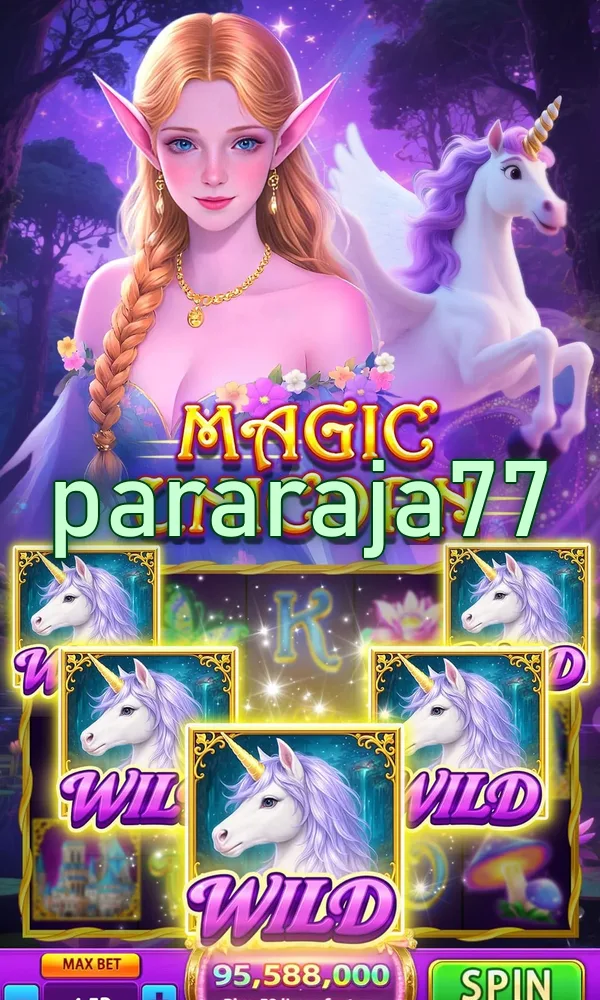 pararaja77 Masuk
...
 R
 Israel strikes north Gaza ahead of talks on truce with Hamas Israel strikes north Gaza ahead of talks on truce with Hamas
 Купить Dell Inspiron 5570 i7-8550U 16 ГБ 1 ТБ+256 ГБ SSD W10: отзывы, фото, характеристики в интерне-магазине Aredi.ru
==
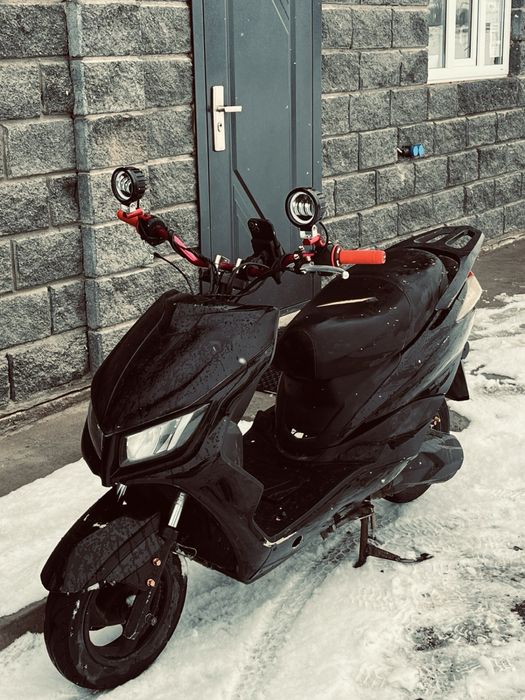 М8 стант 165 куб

> Task requirements: Copy the entries above exactly, but only from the line holding "with Hamas Israel" through the line holding "Купить Dell Inspiron", both included.

> Answer to this task:
 Israel strikes north Gaza ahead of talks on truce with Hamas Israel strikes north Gaza ahead of talks on truce with Hamas
 Купить Dell Inspiron 5570 i7-8550U 16 ГБ 1 ТБ+256 ГБ SSD W10: отзывы, фото, характеристики в интерне-магазине Aredi.ru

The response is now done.